● **Directions**
Copy out each line of the data that contains "Home".
******
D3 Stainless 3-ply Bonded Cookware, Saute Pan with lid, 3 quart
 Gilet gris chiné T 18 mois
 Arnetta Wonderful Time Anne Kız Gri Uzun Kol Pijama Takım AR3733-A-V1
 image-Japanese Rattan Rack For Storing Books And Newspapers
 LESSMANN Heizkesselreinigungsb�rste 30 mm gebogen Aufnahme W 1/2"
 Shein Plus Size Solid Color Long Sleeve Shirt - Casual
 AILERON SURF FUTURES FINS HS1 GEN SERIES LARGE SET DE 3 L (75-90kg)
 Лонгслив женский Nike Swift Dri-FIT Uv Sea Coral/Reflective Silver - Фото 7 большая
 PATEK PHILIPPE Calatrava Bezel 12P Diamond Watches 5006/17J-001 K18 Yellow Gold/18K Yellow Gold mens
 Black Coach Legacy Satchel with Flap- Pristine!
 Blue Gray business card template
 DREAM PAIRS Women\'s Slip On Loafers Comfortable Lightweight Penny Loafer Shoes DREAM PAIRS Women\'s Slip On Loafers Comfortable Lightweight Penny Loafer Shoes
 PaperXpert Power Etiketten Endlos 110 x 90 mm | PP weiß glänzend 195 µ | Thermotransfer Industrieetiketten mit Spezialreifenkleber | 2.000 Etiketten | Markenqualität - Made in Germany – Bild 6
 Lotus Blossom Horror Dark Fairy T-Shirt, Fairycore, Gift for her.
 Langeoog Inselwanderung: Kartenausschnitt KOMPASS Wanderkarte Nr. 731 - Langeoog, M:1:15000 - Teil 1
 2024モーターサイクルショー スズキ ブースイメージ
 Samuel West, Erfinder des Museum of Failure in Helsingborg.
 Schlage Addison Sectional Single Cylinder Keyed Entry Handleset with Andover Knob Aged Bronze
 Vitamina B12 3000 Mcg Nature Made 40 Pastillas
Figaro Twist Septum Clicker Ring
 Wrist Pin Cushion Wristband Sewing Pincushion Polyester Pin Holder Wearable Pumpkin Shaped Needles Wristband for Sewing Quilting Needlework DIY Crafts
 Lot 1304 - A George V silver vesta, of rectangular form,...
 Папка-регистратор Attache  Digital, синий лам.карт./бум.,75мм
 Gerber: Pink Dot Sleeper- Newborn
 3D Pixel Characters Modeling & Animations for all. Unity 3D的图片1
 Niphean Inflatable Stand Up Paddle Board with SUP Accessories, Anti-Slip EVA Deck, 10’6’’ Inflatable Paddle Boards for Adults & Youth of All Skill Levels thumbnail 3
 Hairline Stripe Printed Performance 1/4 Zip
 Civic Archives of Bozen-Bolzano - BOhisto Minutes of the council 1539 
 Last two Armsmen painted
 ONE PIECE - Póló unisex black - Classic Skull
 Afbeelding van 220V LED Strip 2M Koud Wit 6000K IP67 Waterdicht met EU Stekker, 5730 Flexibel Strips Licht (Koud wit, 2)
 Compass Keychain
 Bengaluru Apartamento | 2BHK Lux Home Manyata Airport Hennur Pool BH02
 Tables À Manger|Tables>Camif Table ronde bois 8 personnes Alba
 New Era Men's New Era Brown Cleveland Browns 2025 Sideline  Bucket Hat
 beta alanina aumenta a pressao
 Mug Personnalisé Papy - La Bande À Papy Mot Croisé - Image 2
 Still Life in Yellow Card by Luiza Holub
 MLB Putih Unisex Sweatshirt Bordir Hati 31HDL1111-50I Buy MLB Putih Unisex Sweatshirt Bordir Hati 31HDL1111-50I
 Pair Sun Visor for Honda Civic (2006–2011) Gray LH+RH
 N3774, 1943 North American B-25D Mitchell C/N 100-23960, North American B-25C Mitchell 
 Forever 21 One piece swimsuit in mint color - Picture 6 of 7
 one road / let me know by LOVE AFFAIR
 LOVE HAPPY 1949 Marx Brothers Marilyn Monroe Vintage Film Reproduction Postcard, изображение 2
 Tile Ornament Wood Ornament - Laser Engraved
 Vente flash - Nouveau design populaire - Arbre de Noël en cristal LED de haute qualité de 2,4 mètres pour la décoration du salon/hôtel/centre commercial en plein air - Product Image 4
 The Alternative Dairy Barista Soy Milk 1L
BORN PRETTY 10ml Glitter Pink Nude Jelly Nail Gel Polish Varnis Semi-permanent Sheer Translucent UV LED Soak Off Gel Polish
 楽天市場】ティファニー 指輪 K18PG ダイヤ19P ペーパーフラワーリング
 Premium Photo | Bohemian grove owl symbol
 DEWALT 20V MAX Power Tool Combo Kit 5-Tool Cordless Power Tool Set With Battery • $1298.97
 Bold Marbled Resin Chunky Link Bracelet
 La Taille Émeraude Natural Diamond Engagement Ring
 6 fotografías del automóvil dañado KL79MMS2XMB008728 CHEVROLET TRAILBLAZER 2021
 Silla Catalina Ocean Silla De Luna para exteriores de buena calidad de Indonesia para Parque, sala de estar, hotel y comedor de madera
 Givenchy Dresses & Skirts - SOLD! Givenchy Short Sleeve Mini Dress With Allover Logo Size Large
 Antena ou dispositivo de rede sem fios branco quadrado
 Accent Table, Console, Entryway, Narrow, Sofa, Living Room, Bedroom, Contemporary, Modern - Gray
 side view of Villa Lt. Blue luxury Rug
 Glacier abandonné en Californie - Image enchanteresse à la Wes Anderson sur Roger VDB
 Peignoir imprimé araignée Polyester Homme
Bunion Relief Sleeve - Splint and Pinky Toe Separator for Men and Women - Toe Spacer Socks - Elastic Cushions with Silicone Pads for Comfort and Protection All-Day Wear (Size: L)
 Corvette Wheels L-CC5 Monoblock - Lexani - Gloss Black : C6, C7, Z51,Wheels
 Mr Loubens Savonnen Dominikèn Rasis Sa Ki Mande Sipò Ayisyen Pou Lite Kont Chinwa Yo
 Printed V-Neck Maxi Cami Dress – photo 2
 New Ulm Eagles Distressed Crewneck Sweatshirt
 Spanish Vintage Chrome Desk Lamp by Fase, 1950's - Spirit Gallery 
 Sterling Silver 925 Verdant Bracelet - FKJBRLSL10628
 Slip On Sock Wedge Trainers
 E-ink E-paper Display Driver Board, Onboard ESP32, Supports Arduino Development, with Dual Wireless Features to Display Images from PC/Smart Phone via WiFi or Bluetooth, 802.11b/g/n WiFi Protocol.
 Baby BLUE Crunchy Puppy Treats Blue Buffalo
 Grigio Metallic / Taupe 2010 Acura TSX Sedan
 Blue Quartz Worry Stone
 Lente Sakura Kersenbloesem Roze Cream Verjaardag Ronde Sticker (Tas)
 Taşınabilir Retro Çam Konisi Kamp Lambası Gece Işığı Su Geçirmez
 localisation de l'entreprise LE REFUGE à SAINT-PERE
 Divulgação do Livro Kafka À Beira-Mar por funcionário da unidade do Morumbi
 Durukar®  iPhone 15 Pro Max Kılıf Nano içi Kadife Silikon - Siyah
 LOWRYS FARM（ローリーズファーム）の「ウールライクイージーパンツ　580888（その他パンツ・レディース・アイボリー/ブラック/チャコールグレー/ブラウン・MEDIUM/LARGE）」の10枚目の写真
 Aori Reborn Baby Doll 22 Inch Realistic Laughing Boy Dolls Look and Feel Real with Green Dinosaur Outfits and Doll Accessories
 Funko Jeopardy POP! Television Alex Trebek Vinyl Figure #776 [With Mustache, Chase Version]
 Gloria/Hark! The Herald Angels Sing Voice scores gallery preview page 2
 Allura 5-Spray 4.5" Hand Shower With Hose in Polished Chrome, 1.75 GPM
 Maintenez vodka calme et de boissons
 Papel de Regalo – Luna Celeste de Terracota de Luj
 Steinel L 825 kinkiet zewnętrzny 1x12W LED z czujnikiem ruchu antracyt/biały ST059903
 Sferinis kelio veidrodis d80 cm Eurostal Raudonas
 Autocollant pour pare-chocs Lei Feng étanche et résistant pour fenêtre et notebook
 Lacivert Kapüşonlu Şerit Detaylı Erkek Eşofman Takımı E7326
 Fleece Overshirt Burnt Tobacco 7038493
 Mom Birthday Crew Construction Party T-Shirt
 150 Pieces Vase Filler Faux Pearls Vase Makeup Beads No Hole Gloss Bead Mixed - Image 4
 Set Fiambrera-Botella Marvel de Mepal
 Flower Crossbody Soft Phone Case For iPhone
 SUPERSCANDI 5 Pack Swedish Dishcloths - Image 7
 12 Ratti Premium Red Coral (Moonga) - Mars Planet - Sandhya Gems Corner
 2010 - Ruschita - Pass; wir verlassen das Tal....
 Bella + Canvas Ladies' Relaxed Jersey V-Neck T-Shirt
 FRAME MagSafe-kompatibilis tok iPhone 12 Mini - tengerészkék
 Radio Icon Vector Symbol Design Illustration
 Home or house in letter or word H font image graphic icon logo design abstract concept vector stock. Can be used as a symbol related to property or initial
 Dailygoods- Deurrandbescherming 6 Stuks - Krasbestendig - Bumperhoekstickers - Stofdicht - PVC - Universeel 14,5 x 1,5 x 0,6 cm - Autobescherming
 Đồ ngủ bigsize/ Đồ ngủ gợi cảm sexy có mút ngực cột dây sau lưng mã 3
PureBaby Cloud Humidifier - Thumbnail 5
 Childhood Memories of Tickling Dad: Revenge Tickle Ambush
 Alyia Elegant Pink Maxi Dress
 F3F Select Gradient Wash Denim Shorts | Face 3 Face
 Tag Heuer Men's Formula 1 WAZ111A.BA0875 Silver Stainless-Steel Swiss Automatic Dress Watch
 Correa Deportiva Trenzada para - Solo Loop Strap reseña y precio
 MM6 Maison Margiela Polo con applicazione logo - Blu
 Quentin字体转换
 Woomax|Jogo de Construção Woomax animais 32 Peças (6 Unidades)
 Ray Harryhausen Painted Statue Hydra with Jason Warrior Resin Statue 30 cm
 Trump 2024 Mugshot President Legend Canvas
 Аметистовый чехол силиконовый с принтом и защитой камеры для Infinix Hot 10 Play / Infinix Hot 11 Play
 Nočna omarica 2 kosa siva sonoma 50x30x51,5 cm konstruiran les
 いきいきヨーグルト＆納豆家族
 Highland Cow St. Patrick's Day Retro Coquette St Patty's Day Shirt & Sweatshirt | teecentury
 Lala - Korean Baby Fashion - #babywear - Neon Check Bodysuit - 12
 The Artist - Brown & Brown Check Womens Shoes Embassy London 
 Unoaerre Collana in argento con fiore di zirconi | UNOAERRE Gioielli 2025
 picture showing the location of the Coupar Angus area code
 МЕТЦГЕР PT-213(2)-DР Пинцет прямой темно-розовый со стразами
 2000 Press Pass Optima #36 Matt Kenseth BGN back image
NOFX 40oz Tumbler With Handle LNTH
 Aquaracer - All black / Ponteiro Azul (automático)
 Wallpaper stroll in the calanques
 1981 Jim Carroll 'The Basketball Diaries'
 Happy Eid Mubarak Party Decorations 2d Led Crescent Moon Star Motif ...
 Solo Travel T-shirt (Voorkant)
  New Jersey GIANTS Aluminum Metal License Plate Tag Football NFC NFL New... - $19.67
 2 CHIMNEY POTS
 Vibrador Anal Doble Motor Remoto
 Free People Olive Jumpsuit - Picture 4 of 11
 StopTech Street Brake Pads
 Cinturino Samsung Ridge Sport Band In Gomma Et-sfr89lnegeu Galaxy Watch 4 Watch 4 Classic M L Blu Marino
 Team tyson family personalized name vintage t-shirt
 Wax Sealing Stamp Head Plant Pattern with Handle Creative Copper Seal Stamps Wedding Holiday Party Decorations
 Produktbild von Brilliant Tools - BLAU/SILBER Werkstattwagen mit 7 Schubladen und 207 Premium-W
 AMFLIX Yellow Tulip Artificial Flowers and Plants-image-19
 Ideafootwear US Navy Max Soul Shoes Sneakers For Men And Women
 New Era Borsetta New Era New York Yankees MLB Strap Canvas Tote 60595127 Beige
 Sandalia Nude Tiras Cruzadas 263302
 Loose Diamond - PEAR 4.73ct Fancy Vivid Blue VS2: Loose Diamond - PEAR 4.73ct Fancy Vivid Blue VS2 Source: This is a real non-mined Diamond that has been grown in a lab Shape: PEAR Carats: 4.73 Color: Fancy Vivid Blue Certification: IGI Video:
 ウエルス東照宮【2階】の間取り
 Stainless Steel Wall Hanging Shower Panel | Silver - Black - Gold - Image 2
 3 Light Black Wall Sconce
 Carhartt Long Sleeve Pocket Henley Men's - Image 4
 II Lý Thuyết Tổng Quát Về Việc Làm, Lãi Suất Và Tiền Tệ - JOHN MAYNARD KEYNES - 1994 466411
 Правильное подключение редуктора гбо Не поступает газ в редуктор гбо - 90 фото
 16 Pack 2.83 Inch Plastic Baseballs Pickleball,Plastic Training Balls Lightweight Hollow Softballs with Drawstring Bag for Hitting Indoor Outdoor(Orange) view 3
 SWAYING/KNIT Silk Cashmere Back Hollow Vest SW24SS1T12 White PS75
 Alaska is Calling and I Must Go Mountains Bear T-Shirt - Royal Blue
******
● **Exercise response**
 Bengaluru Apartamento | 2BHK Lux Home Manyata Airport Hennur Pool BH02
 Home or house in letter or word H font image graphic icon logo design abstract concept vector stock. Can be used as a symbol related to property or initial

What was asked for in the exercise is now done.